#### TASK:
Taking only the lines of the data below from the line with "화성시, 코로나19 재유행 선제적 대응 및 예방수칙 준수 당부" to the line with "C♯ Half-Diminished 9th", ends included, write them out exactly and without pictures.

#### SOURCE RECORDS:
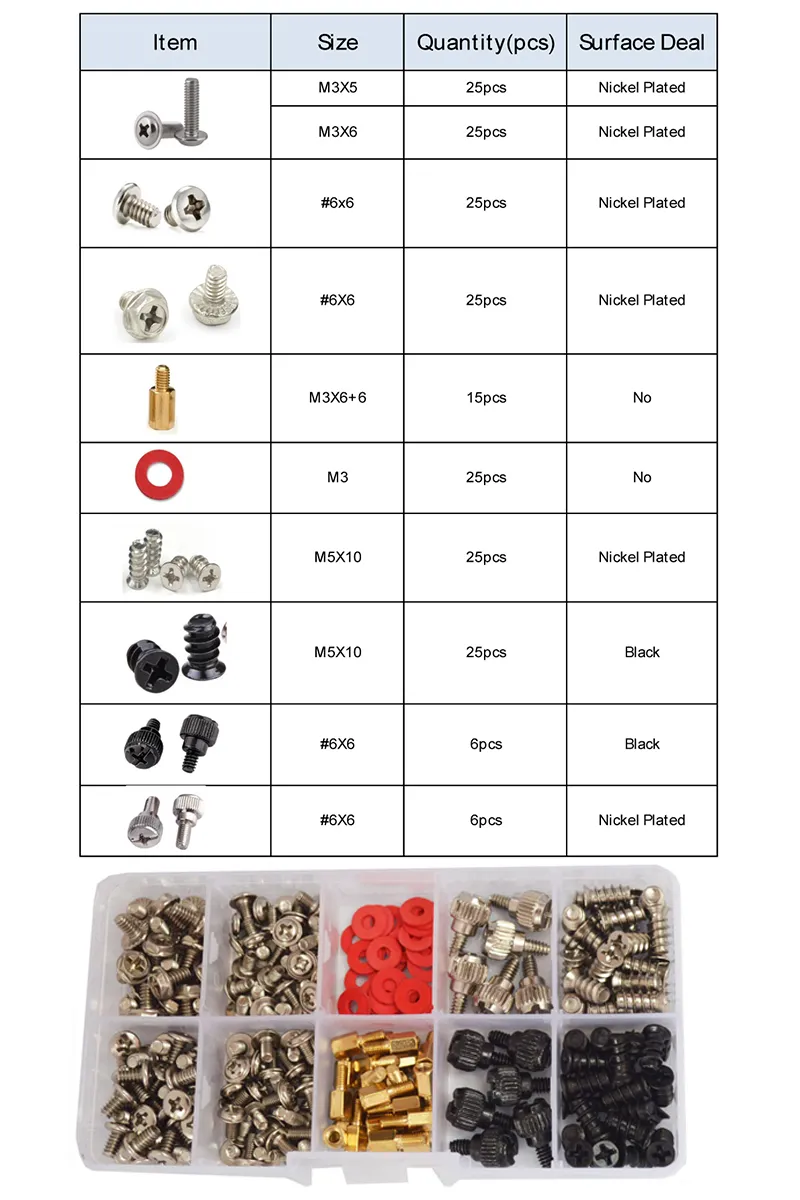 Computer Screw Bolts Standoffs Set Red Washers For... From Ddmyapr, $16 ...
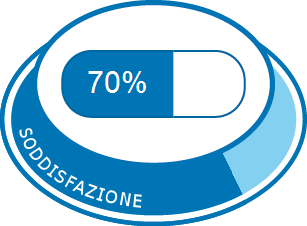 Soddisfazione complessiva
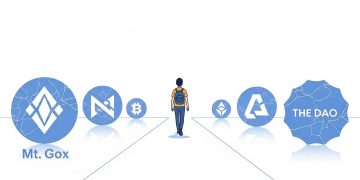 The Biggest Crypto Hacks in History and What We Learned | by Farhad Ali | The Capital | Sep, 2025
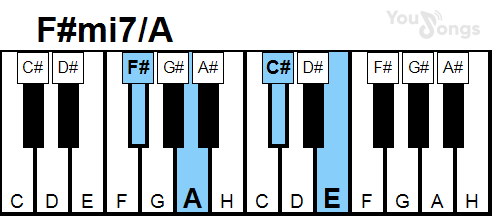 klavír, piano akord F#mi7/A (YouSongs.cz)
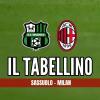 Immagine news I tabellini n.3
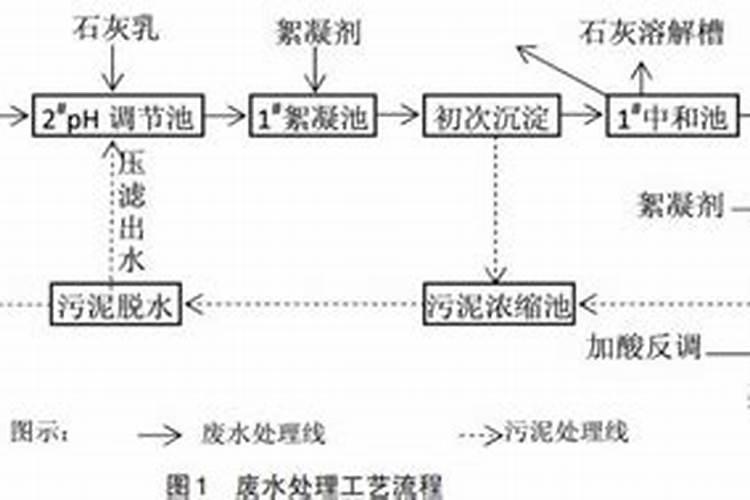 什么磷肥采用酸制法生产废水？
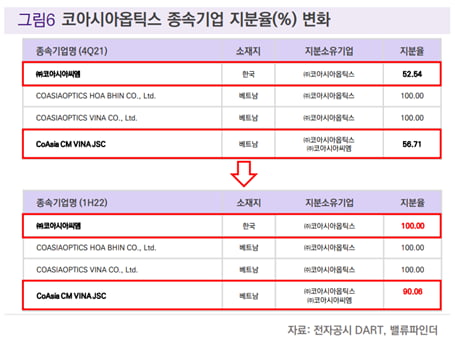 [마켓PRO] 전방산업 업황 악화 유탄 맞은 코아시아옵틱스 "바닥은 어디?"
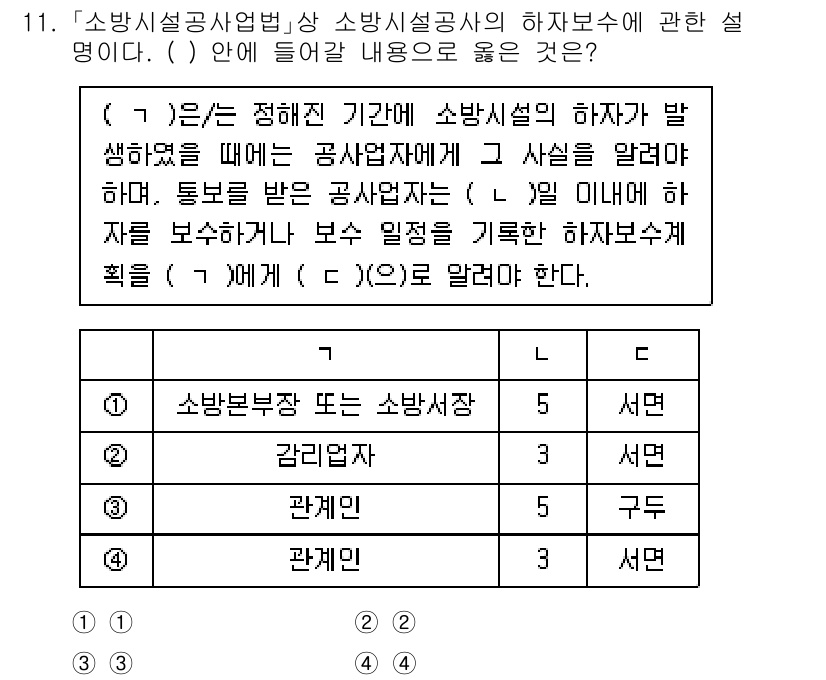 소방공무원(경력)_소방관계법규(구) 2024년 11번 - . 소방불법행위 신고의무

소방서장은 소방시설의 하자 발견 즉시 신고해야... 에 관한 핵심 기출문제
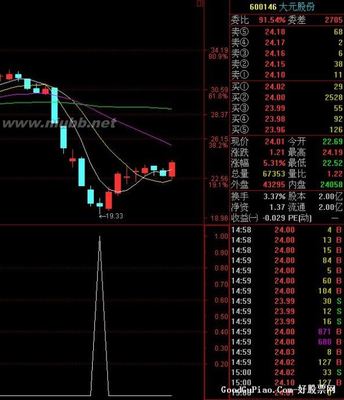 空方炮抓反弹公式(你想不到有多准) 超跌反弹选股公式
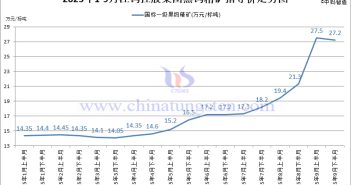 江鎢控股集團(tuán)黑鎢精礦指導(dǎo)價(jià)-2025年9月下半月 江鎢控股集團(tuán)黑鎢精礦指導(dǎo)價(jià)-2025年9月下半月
--
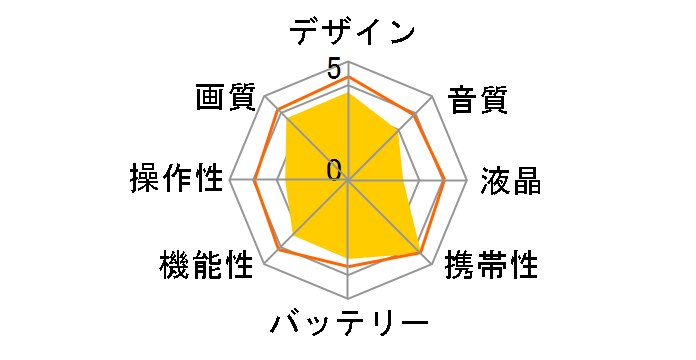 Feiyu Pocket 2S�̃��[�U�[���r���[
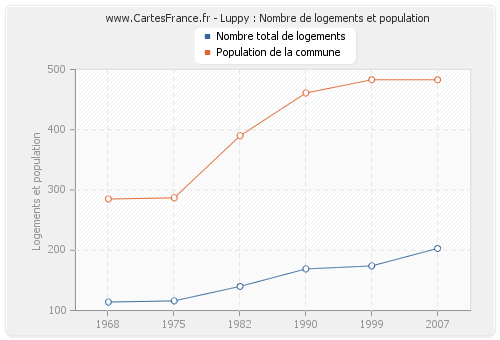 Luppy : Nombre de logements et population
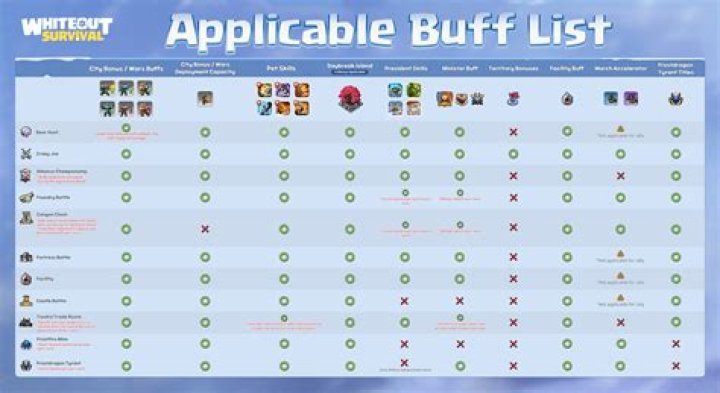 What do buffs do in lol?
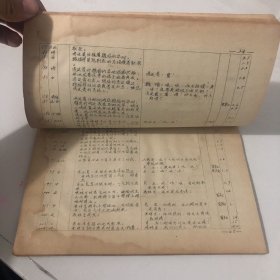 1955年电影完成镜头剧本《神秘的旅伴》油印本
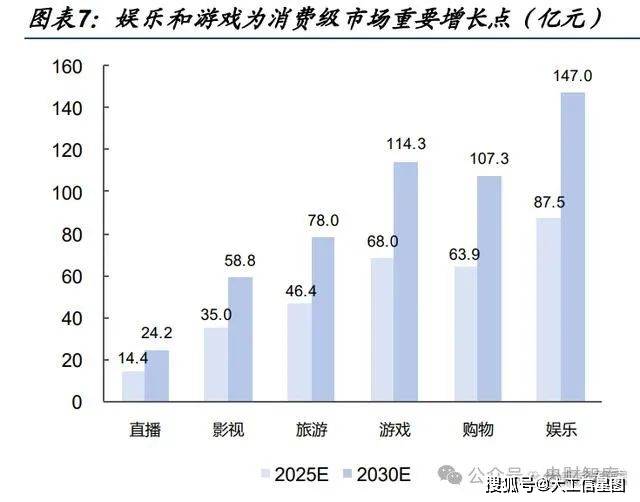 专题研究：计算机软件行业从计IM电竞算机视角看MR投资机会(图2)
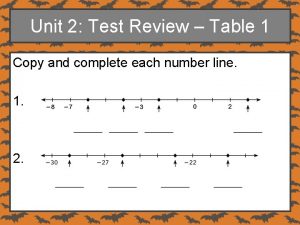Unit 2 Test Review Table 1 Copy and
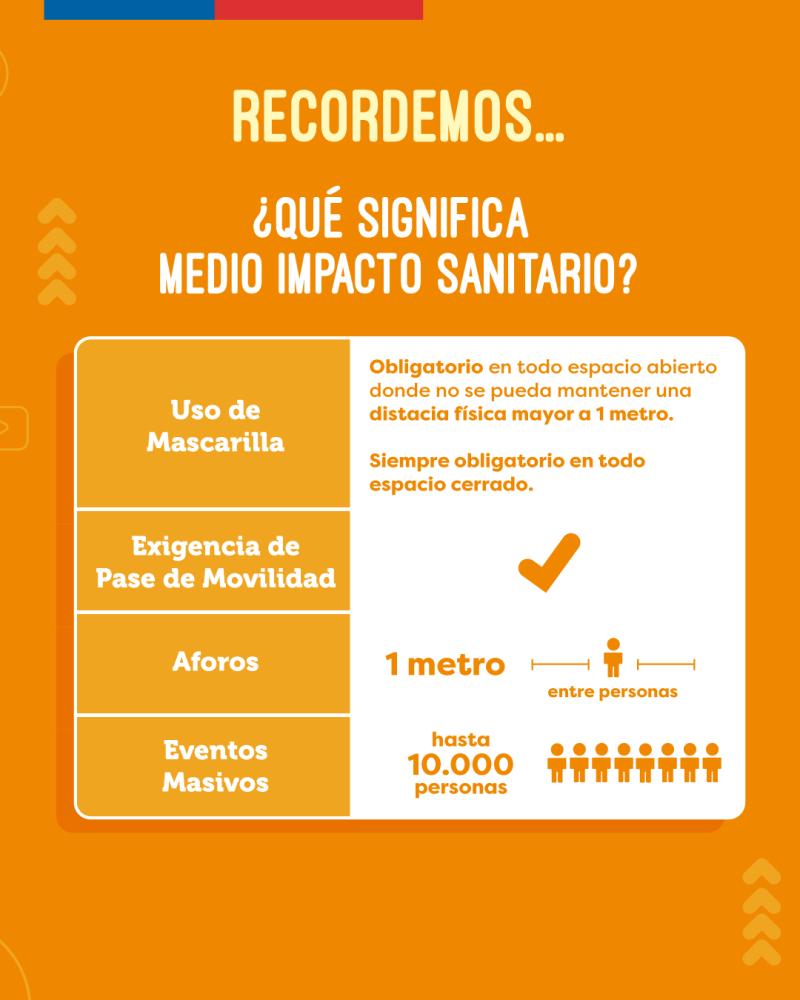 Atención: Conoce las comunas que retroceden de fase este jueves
...
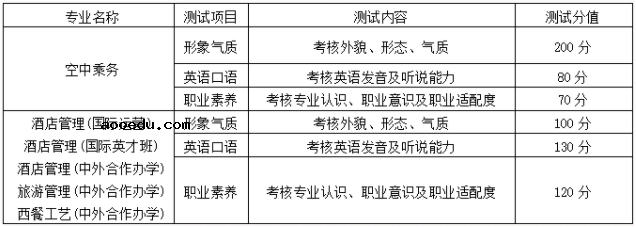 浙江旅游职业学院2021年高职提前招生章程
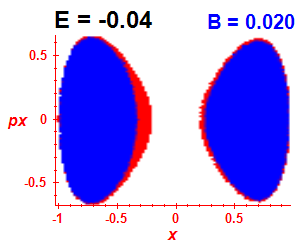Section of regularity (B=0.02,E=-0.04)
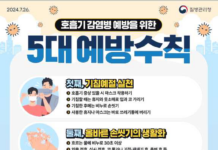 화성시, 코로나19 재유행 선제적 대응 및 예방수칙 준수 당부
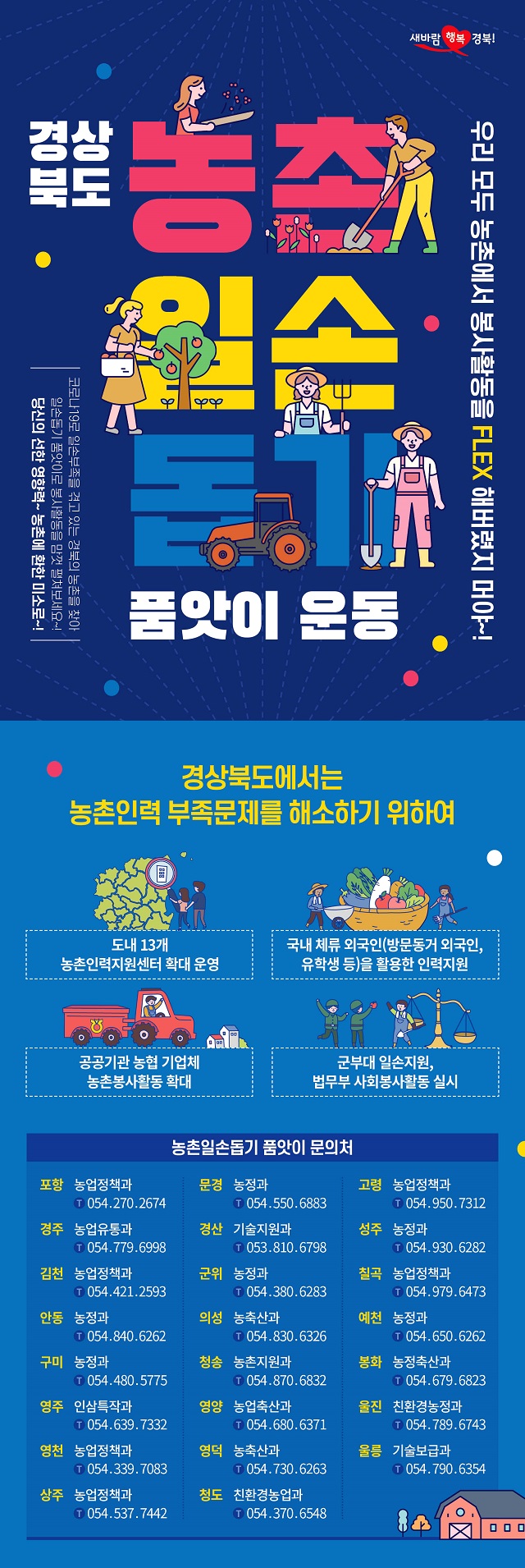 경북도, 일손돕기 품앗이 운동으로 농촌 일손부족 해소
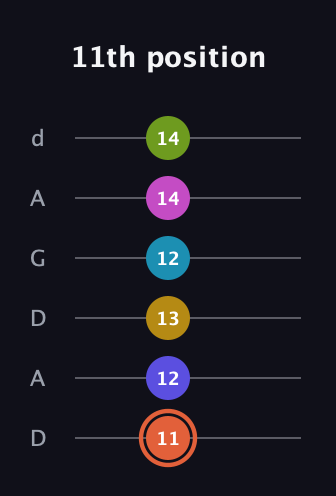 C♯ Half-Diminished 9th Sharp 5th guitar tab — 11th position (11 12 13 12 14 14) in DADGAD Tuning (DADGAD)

#### TASK SOLUTION:
 화성시, 코로나19 재유행 선제적 대응 및 예방수칙 준수 당부
 경북도, 일손돕기 품앗이 운동으로 농촌 일손부족 해소
 C♯ Half-Diminished 9th Sharp 5th guitar tab — 11th position (11 12 13 12 14 14) in DADGAD Tuning (DADGAD)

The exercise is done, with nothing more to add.